**Extracted information:**
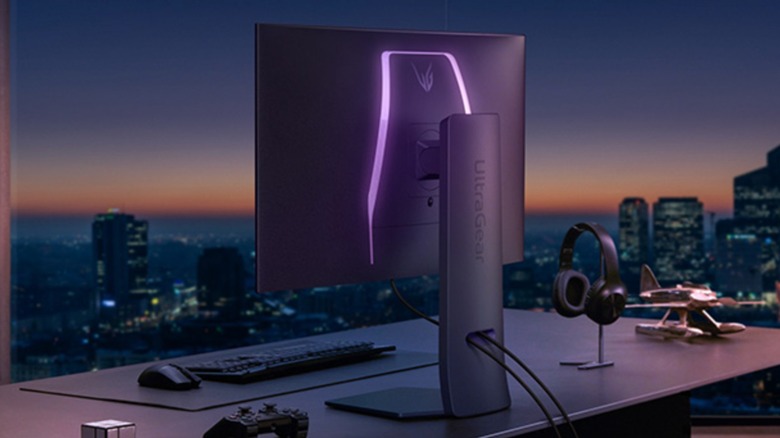 The LG UltraGear 32-inch OLED Dual Mode Gaming Monitor sits on a desk in front of a large city skyline, there's also a mouse, keyboard, and gaming controller on the desk
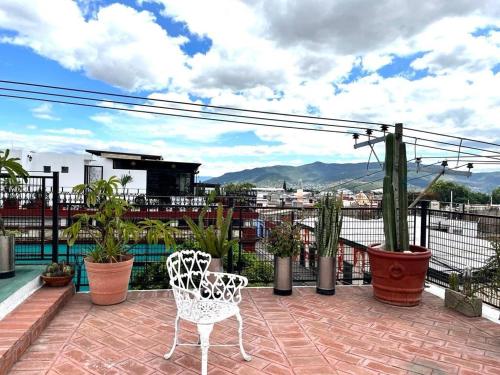 a patio with two chairs and plants on a balcony at Casa matamoros in Oaxaca City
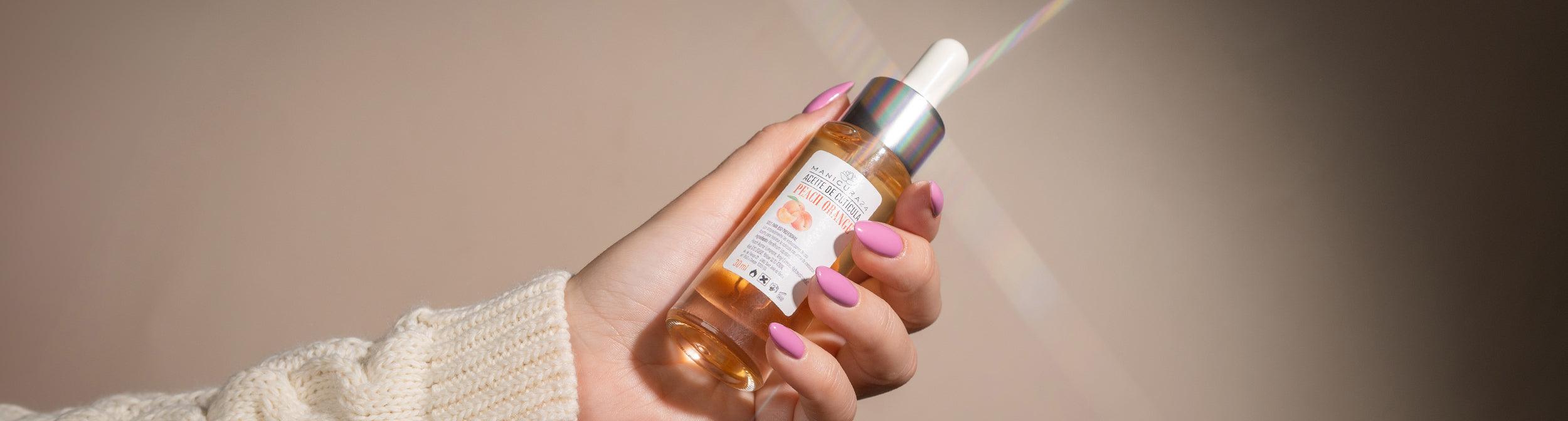 Mano con uñas esmaltadas sosteniendo aceite de cutícula para manicura profesional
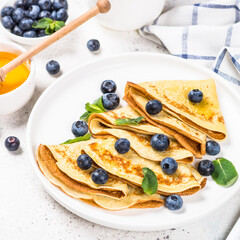Crepes with blueberries and honey in white plate at white table.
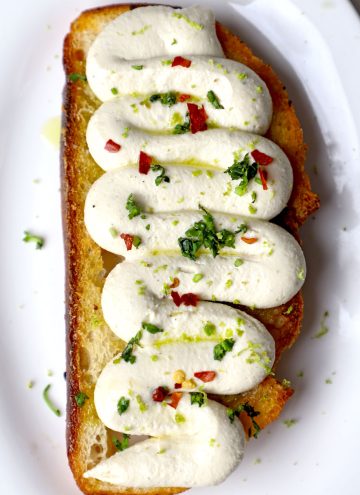 aerial shot of whipped toafu toast served on a white platter.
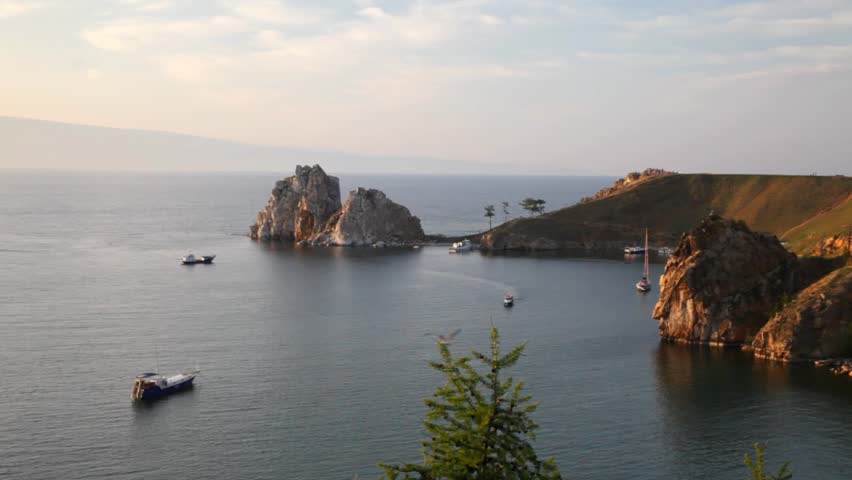 Video of Baikal Lake. Olkhon Island on summer evening. View of famous Shamanka Rock and rocky shore of Khuzhir village at sunset. Natural background. Scenic summer landscape. Travel and outdoors 
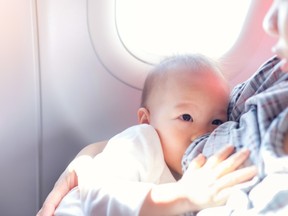 A woman breastfeeds her child while on a plane. Dutch airline KLM is under fire after a flight attendant told a breastfeeding mother to cover herself and her toddler up to avoid offending other passengers.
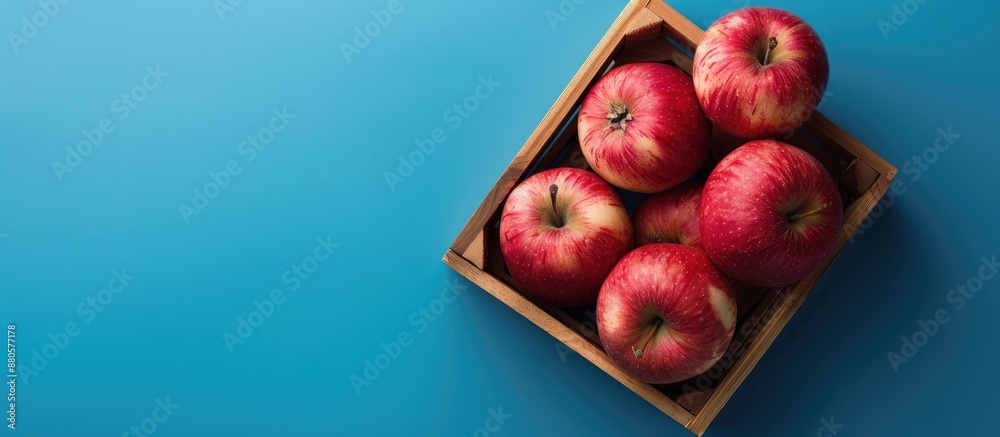 Poster pink apple beautifully arranged in a box against a blue background with copy space image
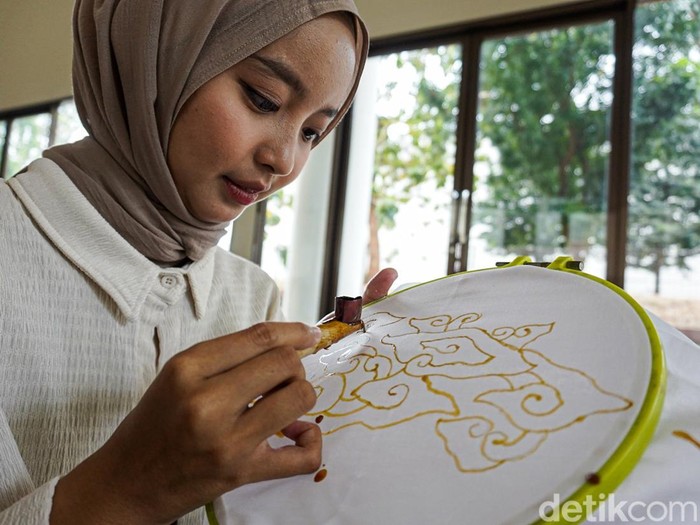 Pengunjung Museum Batik TMII belajar membatik dengan canting tradisional, menggoreskan malam panas mengikuti pola motif megamendung di atas kain.
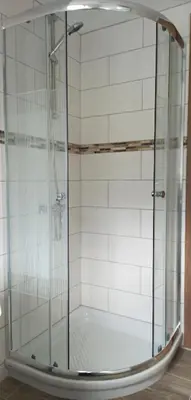 a shower with a glass enclosure in a bathroom at River View Apartments Irena in Bohinj
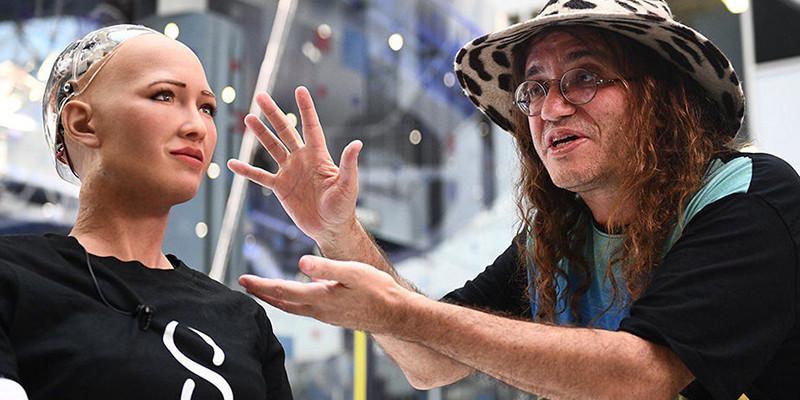 A co-founder of the project is pictured next to Sophia the robot, wearing a T-shirt with the SingularityNET logo.
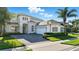 Beautiful home with a three-car garage, manicured lawn, and stone detailing on the facade at 13924 Jomatt Loop, Winter Garden, FL 34787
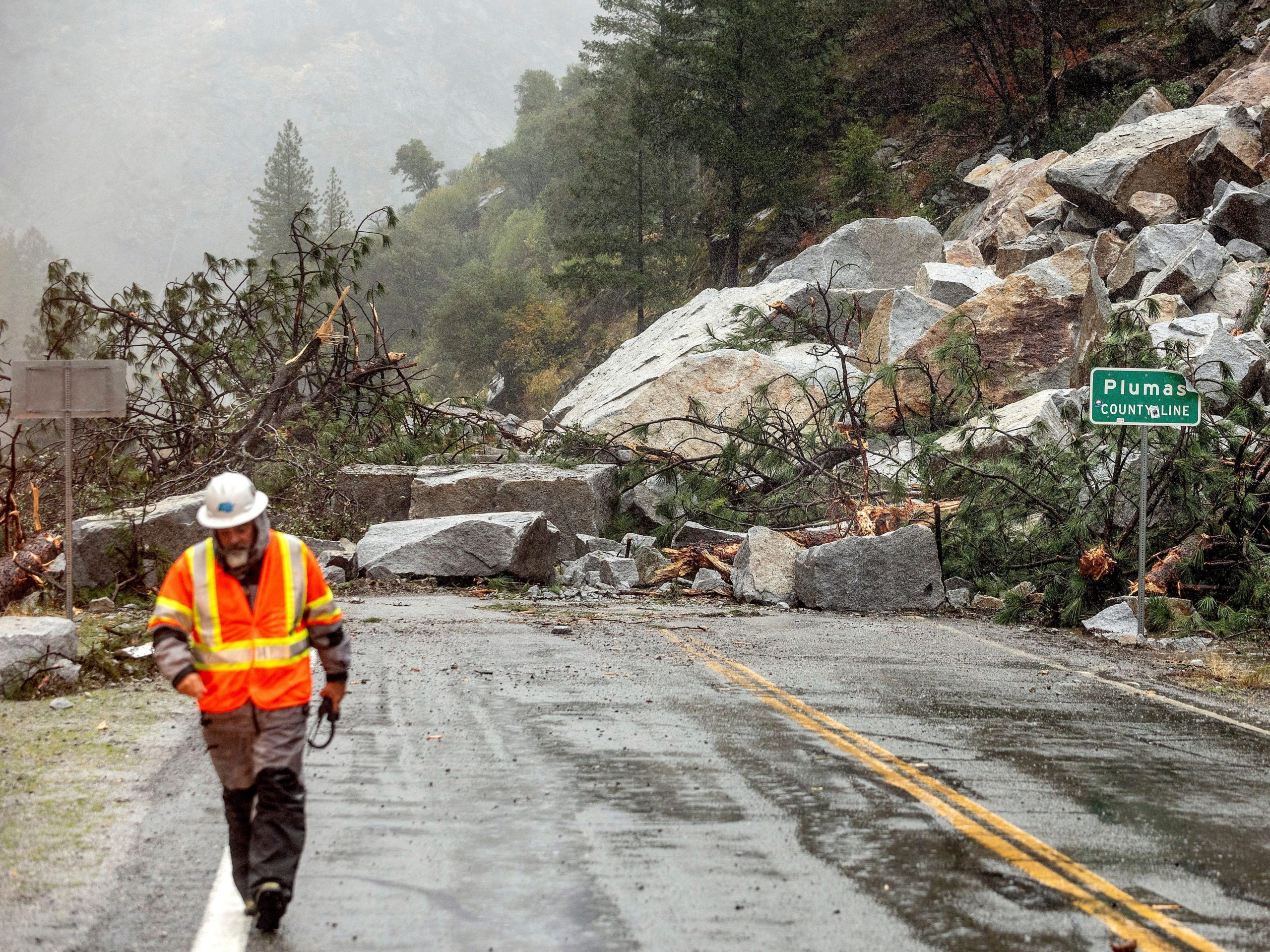 Caltrans maintenance supervisor Matt Martin walks by a landslide covering Highway 70 in the Dixie Fire zone on Sunday, Oct. 24, 2021, in Plumas County, Calif.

**Assignment:** All that is wanted is the lines above between the one containing "A woman breastfeeds" and the one containing "Poster pink apple", inclusive, restated word for word, with pictures omitted.

**Answer to this task:**
 A woman breastfeeds her child while on a plane. Dutch airline KLM is under fire after a flight attendant told a breastfeeding mother to cover herself and her toddler up to avoid offending other passengers.
 Poster pink apple beautifully arranged in a box against a blue background with copy space image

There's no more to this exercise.